The elbow is a joint that consists of three bones – the humerus (upper arm bone), radius (forearm bone) and ulna (forearm bone) – that come together to form a complex hinge joint. An elbow fracture most commonly occurs when your child falls on an outstretched arm, commonly from monkeybars. The fracture usually occurs just above the joint.Fractures are common in children due to their physical activities as well as their bone properties. Children’s bones have an area of developing cartilage tissue called a growth plate which is present at the end of long bones that will eventually develop into solid bone as the child grows. These growth plates are particulatrly susceptible to injury.
X-rays are used to confirm and determine the type and severity of the fracture. Treatment of children’s elbow fractures depends on the degree of displacement and type of fracture:
The forearm consists of 2 bones, the radius (bone on the thumb side) and the ulna (bone on the little-finger side). Forearm fractures can occur near the wrist, near the elbow or in the middle of the forearm. The growth plate, which is made of cartilage, is present at the ends of the bones in children and helps in the determination of length and shape of the mature bone. The growth plate is particularly susceptible to injury.
Forearm fractures can result from a fall onto an outstretched hand, or from a direct blow to the forearm. There is immediate pain, swelling, and often a deformity of the forearm is noticeable. Xrays are taken to evaluate the nature of the injury. At times just one of the two bones is broken, at times both are broken clean through, and at other times one breaks while the other one bends. Depending on the degree of displacement, angulation, and bending, treatment may involve placing the arm in a cast or splint, “setting” the bones under some form of anesthesia, or fixing the bones surgically, using pins or plates and screws. How and when to treat these injuries can vary on the child’s age in addition to the severity of the injury.
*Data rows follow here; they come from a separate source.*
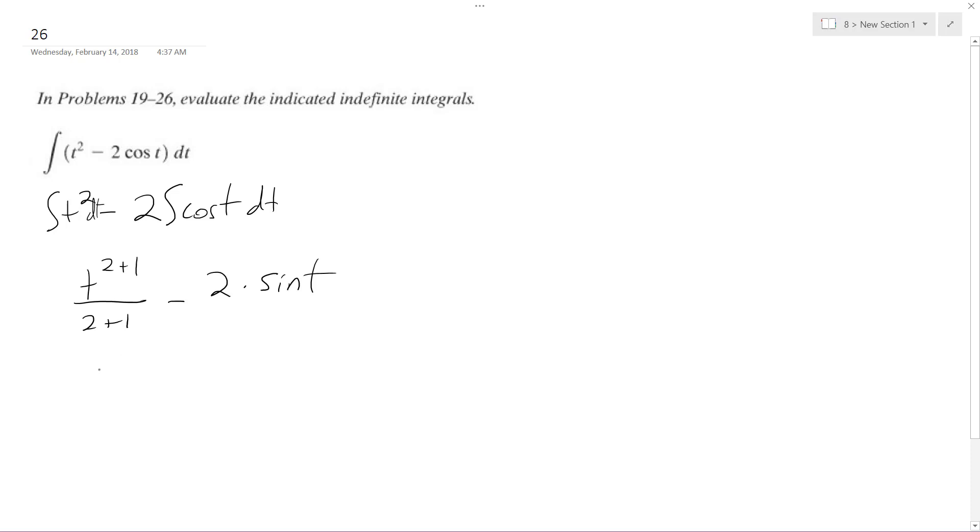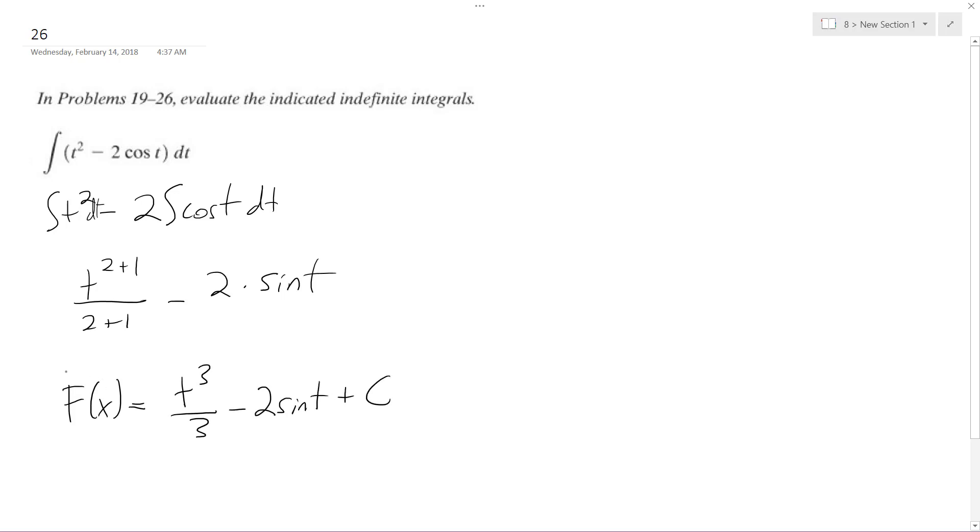So ultimately what we end up with, capital F of X to represent the integral, is t cubed over 3 minus 2 sine of t plus C. And that's it. I hope this helps.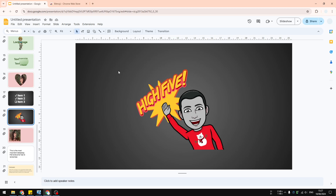Unfortunately, Google Slides and even the Chrome browser itself doesn't come with bitmoji — bitmoji is pretty much a third-party service. So in order to get the bitmoji to your presentation, there are a few steps to follow.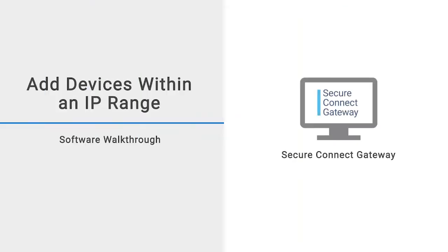In this video, we demonstrate how to create and run device discovery rules to discover and add devices within an IP range.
Early evaluation allows for the best chance for optimal recovery, as delayed treatment in growing bones could be detrimental.
Wrist fractures are common in children, just as they are common in adults. As in adults, wrist fractures in children usually result from a fall onto an outstretched hand. Typical symptoms include pain, swelling, bruising, refusal to move the wrist or fingers, and sometimes an obvious deformity. Depending on the type and severity of the injury, and the level of maturity of the child’s bones, treatment can range from casting to surgery. The treatment recommendations in children can be significantly different from recommendations in adults. Up until the early teenage years (usually) children’s growth plates in the wrist are still open, and this allows for some significant remodelling of the bone after a fracture. This is more and more apparent, the younger the child is. Fractures that would clearly require surgery in an adult may be treated adequately with simple cast immobilization in a child. Early evaluation of these injuries, and thorough discussion with your doctor, is paramount to obtaining the most appropriate treatment for your child’s wrist.
Finger fractures are common in children; hand fractures, less so. As in the elbow and the wrist, the growth plates at the ends of the bones are particularly susceptible to injury, but at the same time, the presence of an open growth plate indicates the possibility of remodelling. Symptoms of a fracture in the hand or fingers include pain, swelling, bruising, and refusal to move the fingers (even the ones that are not injured). These usually result from some sort of trauma, commonly a fall. Examination and xrays are used to determine if a bone is broken, and what type of treatment is indicated. Treatment options range from splinting and early motion, to “setting” the bone under some sort of anesthesia followed by splinting, to surgery to reduce the fracture anatomically. Early evaluation is of utmost importance, as children’s bones tend to heal faster than adults’, and the window for treatment, as a result, is smaller. If you are unsure if there is a break, it is always safer to have the child’s hand/finger evaluated sooner rather than later.